Given material START
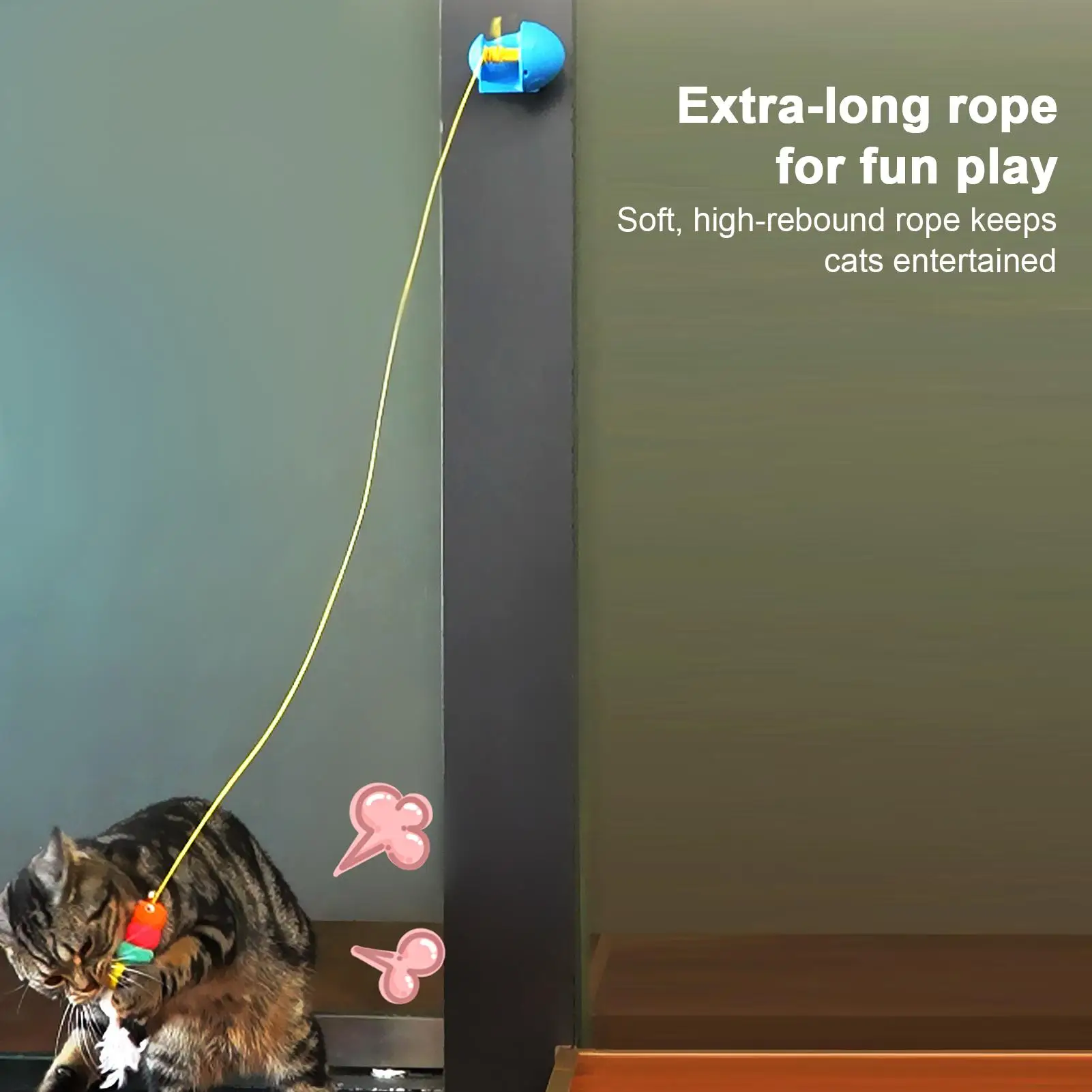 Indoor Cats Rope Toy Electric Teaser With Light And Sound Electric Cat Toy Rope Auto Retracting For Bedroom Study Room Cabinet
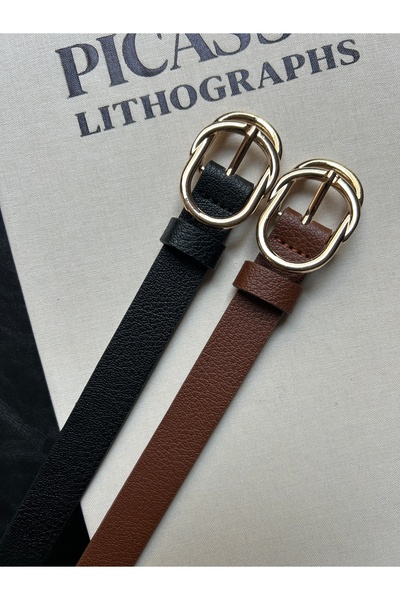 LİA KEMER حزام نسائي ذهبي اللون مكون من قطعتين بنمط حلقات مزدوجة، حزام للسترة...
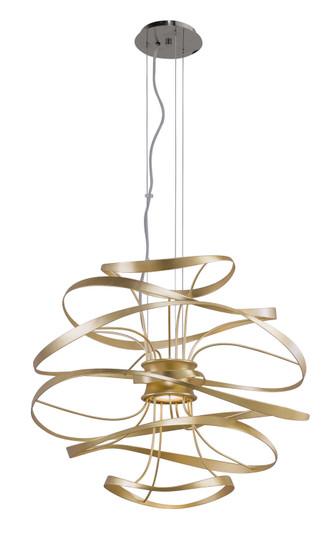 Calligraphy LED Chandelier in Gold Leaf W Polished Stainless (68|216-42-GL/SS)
Given material END
- Instructions to follow: A faithful copy of the data above is wanted, with every image left out.

- Response:
 Indoor Cats Rope Toy Electric Teaser With Light And Sound Electric Cat Toy Rope Auto Retracting For Bedroom Study Room Cabinet
 LİA KEMER حزام نسائي ذهبي اللون مكون من قطعتين بنمط حلقات مزدوجة، حزام للسترة...
 Calligraphy LED Chandelier in Gold Leaf W Polished Stainless (68|216-42-GL/SS)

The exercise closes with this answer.